THE HAGUE–Dutch Minister of Legal Protection Sander Dekker confirmed on Tuesday that the return of 23 inmates to St. Maarten’s Pointe Blanche prison from the Netherlands has been delayed. Dekker said he was “very disappointed” that insufficient progress was being made to improve the situation at the St. Maarten prison.
The deplorable situation at the Pointe Blanche prison was the centre of attention during the first part of the weekly question hour in the Second Chamber of the Dutch Parliament on Tuesday. Second Chamber member André Bosman of the liberal democratic VVD party had requested the presence of Minister Dekker to ask him about the reported human rights violations at the St. Maarten penitentiary.
Dekker said he shared Bosman’s concerns about the detention situation in St. Maarten. He agreed with Bosman that legal security and law enforcement was first and foremost a responsibility of Country St. Maarten. “That is why I find that my colleague Minister of Justice [Cornelius – Ed.] de Weever has a big responsibility to improve the detention circumstances.”

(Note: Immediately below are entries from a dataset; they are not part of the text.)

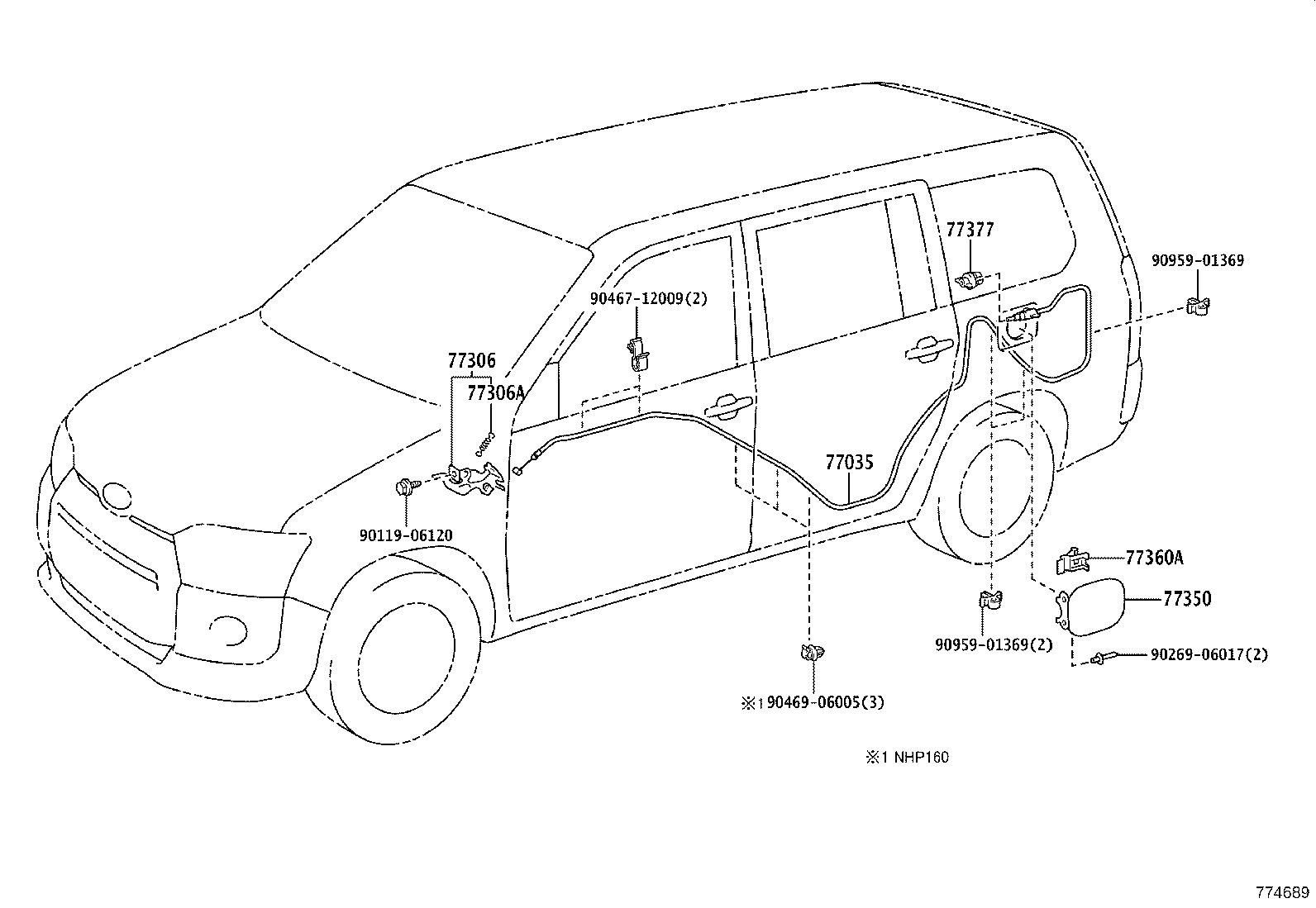 23249-21010 RUBBER, CUSHION(FOR FUEL PUMP) product image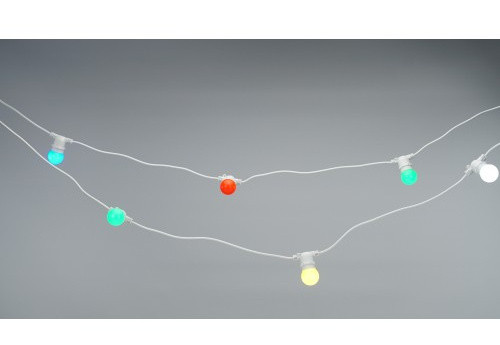 Біла світлодіодна гірлянда Feron CL50-8 "Белт-лайт" (6494) 230В 5м для ламп з цоколем Е27 IP65 - фото №4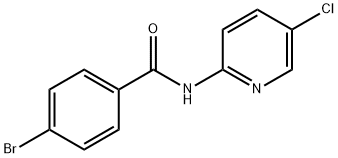 4-溴-N-(5-氯-2-吡啶基)苯甲酰胺 结构式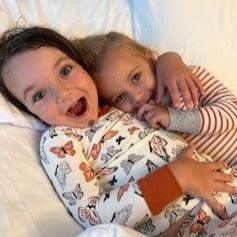Monarch Butterfly Pj Set In Infant-toddler Sizes
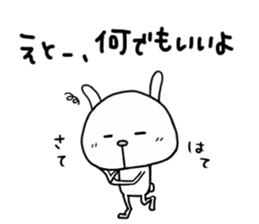 Rabbit to tell just Sticker season3 sticker #1885633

Dekker explained that the Dutch and St. Maarten governments, in October last year, had arrived at an agreement on the steps that need to be implemented for the 23 inmates who are being held in the Netherlands after Hurricane Irma to return. “Unfortunately, I have to conclude that insufficient progress has been made. That deeply disappoints me,” he said.
Dekker said he and State Secretary of Home Affairs and Kingdom Relations Raymond Knops would keep putting pressure on St. Maarten regarding this matter. He explained that the inmates would not be returned from the Netherlands until the situation at the Pointe Blanche prison has significantly improved.
Responding to a question from Bosman about the role and responsibility of the Kingdom, Dekker said he felt responsible to make sure that the Netherlands, the largest country of the Kingdom, assumed its tasks and responsibilities, “apart from the fact that we have 23 inmates from St. Maarten who are thousands of kilometres away from their families.”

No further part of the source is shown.